I was therefore, very disappointed to learn last week that the Labour Administration on the Council has decided, in its wisdom, to increase visitor charges at the Royal Pavilion by 10% next year. The rationale given for the rise is that the Council needs to ‘ensure that the Royal Pavilion and Museums achieve admission income targets’ in the face of falling visitor numbers to the attractions.

Well, perhaps the Labour leadership need to go back to basic economics! They clearly haven’t learnt the lessons from the introduction of a £5 charge for non-resident visitors to Brighton Museum 18 months ago which resulted in a halving of visitor numbers. I would be very surprised if the increases at the Royal Pavilion don’t have the same effect and visitor numbers drop still further.

We are always told that the reason city centre parking charges need to be so high is to act as a form of ‘rationing’ of demand. Whenever we have proposed reducing parking charges, we are lectured about how it will just fuel increased demand and make congestion even worse. Yet the same logic apparently doesn’t apply to other charges such as for the Royal Pavilion and Museum. I gather that a task group is being set up by the Administration to try and find ways of increasing the number of visitors to the Museum. I would like to make a suggestion to the task group – try reducing the charges. You might find that visitor numbers increase, enabling you to meet your income targets.
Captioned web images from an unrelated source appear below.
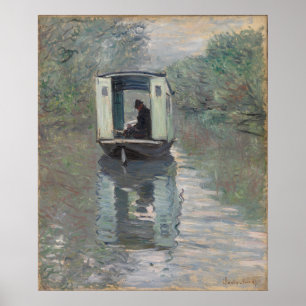Poster Le Bateau-atelier Claude Monet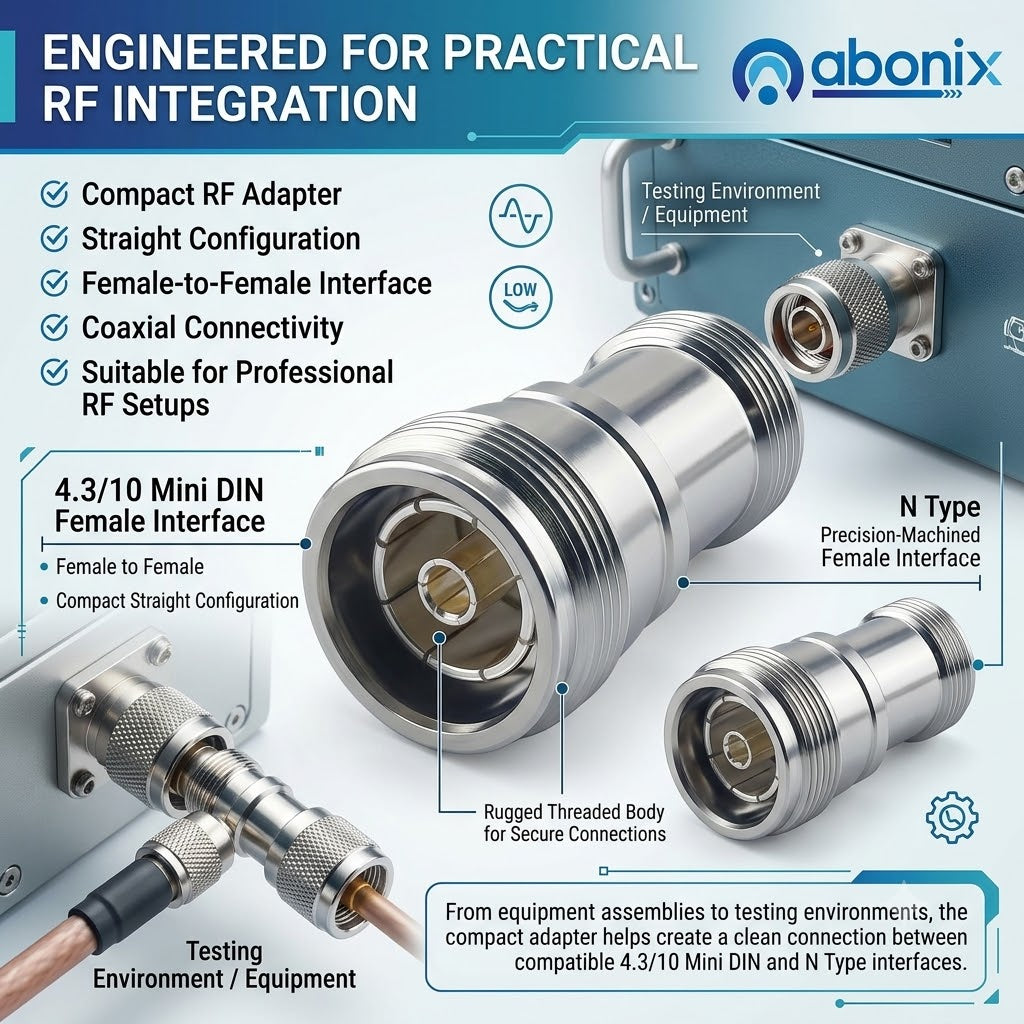 4.3-10 Mini DIN Female to N Female Jack Connector RF Straight Adapter - Pack - 1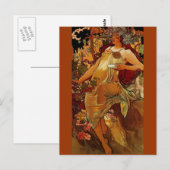 秋の女性 ポストカード (正面/裏面)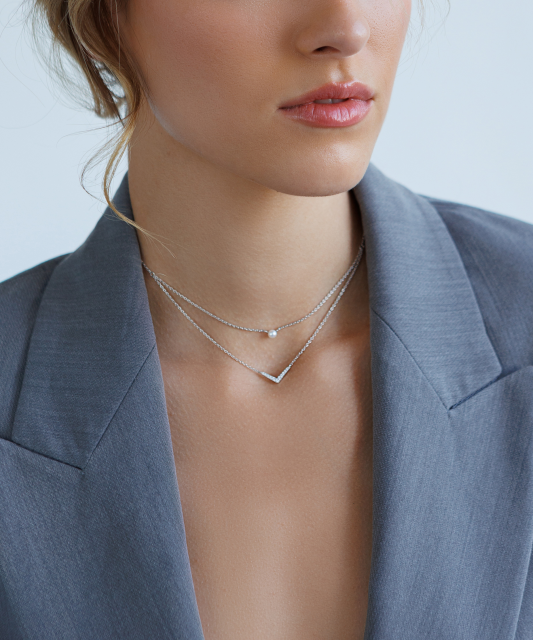 Sidabrinė Grandinėle Su Perlais Ir Cirkoniu - Perlų vėriniai - Goldinga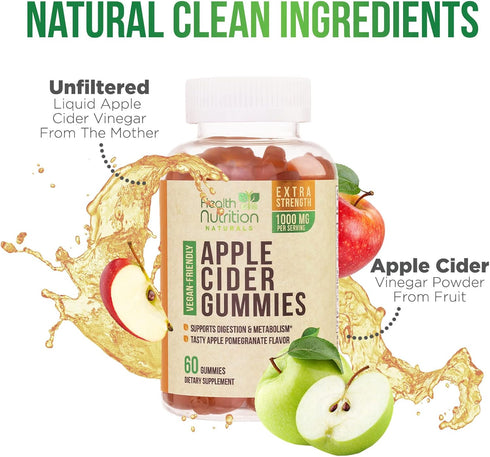 Vegan Apple Cider Vinegar Gummies | Max Strength 1000mg | ACV Supplement Gummy Vitamins for Adults, Supports Digestion, Metabolism, Natural Apple ...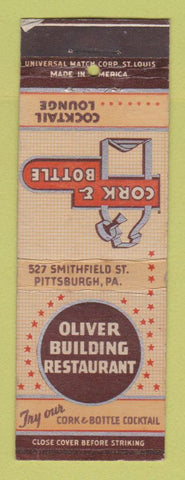 Matchbook Cover - Oliver Building Restaurant Pittsburgh PA WEAR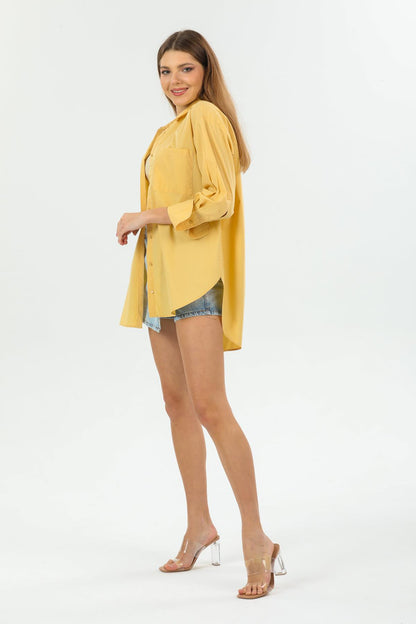 Basic Boyfriend Oversize Single Pocket Tunic Woman Shirt
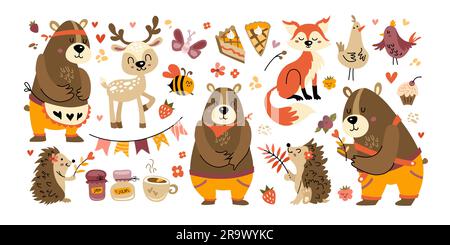 Süßes Herbsttier-Set. Bunte Herbstfiguren - Bär, Fuchs, Hirsch, Igel, Vogel. Vektordarstellung. Stock Vektor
On a more positive note, I was delighted to see that work has now started on restoring one of the city’s most iconic tourist attractions, the Volks Railway, thanks to a £1.65 million Heritage Lottery Fund grant. The restoration will provide a purpose-built heritage visitor centre at the Aquarium station to tell the story of Magnus Volk; it will create a conservation workshop to protect the historic carriages, enable restoration work to be viewed, and provide training for volunteers to develop their skills; and finally it will restore and bring back to use three of the original carriages which will increase capacity on the railway.

Diggers started dismantling the Aquarium Station and car sheds last month, and both will have their foundations completely dug out in preparation for the new buildings.

The Volks Railway is very close to my heart as it is to so many of the volunteers and supporters who make such an important contribution to maintaining the railway. It is sad to see the old buildings go, particularly the remains of Magnus Volk’s station on the north side of the car sheds. However, they have been on their last legs for a number of years and this lottery money provides the perfect opportunity to give the railway a new lease of life and a boost for this important part of the Brighton and Hove seafront.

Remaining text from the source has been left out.